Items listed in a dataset

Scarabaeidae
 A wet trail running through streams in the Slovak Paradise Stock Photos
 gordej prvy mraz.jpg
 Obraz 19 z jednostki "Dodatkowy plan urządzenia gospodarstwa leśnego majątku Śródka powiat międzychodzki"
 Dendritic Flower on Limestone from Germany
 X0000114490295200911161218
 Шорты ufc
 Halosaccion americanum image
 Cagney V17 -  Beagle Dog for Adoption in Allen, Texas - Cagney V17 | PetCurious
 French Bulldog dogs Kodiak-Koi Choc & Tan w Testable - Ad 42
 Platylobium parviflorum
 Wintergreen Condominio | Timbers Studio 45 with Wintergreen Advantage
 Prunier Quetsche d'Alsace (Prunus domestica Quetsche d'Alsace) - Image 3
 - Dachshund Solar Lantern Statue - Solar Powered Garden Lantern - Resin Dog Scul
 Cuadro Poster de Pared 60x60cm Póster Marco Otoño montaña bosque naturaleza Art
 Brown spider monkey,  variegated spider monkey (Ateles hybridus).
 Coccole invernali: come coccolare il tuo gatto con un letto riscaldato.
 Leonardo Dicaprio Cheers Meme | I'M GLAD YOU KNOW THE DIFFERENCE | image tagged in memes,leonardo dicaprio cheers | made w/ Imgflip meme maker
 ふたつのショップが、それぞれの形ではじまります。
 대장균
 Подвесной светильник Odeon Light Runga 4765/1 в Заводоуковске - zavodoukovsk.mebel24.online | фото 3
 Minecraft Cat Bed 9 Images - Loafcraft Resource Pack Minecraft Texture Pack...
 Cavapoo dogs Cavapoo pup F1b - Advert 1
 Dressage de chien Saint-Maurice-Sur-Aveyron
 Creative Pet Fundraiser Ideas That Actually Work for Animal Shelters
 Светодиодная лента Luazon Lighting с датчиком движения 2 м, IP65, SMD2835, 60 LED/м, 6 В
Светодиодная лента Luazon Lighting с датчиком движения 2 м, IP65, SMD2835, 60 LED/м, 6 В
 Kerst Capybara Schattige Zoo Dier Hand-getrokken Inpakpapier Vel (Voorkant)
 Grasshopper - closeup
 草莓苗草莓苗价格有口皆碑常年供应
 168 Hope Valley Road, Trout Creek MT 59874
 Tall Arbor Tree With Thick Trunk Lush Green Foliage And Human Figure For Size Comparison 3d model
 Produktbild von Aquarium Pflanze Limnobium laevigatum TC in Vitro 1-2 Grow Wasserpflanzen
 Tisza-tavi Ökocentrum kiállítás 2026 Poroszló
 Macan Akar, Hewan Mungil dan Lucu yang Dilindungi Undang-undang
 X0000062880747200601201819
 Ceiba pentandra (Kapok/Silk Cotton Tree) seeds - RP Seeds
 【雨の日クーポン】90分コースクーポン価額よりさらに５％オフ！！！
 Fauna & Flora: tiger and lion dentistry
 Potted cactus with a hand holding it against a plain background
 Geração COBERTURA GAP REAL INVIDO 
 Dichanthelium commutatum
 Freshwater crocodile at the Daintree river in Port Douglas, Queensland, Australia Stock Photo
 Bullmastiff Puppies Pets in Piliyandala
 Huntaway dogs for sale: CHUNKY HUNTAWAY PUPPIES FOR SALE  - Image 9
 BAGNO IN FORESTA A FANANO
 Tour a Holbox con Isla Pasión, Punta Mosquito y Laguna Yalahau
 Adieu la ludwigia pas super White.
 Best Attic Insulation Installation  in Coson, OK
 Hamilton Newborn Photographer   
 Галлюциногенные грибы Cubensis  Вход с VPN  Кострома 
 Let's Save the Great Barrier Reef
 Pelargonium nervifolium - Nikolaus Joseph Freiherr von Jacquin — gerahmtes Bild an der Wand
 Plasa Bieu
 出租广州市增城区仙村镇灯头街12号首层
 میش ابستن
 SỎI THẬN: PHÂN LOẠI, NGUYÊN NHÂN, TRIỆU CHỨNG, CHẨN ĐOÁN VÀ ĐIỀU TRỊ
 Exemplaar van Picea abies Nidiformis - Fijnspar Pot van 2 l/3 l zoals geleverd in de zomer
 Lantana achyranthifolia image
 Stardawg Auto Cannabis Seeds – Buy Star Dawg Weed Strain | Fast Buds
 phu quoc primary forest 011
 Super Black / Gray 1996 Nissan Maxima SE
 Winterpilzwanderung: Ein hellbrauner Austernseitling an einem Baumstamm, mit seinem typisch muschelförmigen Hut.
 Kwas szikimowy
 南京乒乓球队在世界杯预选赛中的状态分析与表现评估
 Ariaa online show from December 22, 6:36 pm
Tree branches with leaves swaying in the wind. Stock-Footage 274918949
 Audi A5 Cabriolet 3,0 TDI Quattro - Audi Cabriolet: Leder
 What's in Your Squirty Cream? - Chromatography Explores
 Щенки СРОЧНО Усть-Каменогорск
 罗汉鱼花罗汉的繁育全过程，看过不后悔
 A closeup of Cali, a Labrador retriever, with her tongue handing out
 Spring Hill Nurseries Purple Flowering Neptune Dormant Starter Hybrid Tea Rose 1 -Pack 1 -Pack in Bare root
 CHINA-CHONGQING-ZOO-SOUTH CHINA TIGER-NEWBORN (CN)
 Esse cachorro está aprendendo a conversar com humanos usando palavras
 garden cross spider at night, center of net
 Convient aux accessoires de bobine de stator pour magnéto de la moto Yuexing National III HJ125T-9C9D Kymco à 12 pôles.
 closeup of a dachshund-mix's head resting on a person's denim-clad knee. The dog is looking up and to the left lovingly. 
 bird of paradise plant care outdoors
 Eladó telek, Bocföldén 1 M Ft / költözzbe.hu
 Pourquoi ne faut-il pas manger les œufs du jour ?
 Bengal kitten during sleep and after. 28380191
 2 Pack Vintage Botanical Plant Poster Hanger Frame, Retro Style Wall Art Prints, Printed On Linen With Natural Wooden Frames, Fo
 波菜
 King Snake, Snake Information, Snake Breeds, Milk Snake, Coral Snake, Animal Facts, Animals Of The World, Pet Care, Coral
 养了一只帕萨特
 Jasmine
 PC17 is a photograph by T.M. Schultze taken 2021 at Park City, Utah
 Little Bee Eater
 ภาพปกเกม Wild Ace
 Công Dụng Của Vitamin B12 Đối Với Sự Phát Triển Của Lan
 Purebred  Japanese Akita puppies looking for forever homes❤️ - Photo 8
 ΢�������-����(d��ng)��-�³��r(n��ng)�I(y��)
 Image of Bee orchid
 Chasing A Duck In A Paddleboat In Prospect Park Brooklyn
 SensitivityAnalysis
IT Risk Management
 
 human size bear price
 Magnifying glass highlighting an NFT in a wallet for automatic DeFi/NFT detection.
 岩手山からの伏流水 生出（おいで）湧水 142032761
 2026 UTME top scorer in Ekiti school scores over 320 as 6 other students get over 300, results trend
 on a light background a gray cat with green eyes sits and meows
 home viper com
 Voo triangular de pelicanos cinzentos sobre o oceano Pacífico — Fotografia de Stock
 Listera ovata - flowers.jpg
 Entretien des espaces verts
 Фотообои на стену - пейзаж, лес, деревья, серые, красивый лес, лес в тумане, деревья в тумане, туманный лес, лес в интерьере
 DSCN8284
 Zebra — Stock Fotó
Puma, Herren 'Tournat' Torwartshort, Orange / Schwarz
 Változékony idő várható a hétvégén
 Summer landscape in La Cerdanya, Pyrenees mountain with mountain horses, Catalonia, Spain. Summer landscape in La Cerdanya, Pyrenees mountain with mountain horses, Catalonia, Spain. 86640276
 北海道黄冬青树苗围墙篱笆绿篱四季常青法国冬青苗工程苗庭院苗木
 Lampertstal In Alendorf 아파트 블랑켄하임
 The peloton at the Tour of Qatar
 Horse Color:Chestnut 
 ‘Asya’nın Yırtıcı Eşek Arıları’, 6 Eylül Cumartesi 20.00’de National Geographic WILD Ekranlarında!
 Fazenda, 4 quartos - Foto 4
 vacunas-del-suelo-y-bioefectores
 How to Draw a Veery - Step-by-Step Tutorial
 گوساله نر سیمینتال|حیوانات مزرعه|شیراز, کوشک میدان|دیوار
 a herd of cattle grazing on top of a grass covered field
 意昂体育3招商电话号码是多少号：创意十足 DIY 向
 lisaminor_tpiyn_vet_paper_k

■ ABOUT THIS EXERCISE
Write out, from the lines above, only those from the line with "garden cross spider at night, center of net" to the line with "SensitivityAnalysis", exactly as given, including the first and the last.

■ RESULT FOR THIS TASK
 garden cross spider at night, center of net
 Convient aux accessoires de bobine de stator pour magnéto de la moto Yuexing National III HJ125T-9C9D Kymco à 12 pôles.
 closeup of a dachshund-mix's head resting on a person's denim-clad knee. The dog is looking up and to the left lovingly. 
 bird of paradise plant care outdoors
 Eladó telek, Bocföldén 1 M Ft / költözzbe.hu
 Pourquoi ne faut-il pas manger les œufs du jour ?
 Bengal kitten during sleep and after. 28380191
 2 Pack Vintage Botanical Plant Poster Hanger Frame, Retro Style Wall Art Prints, Printed On Linen With Natural Wooden Frames, Fo
 波菜
 King Snake, Snake Information, Snake Breeds, Milk Snake, Coral Snake, Animal Facts, Animals Of The World, Pet Care, Coral
 养了一只帕萨特
 Jasmine
 PC17 is a photograph by T.M. Schultze taken 2021 at Park City, Utah
 Little Bee Eater
 ภาพปกเกม Wild Ace
 Công Dụng Của Vitamin B12 Đối Với Sự Phát Triển Của Lan
 Purebred  Japanese Akita puppies looking for forever homes❤️ - Photo 8
 ΢�������-����(d��ng)��-�³��r(n��ng)�I(y��)
 Image of Bee orchid
 Chasing A Duck In A Paddleboat In Prospect Park Brooklyn
 SensitivityAnalysis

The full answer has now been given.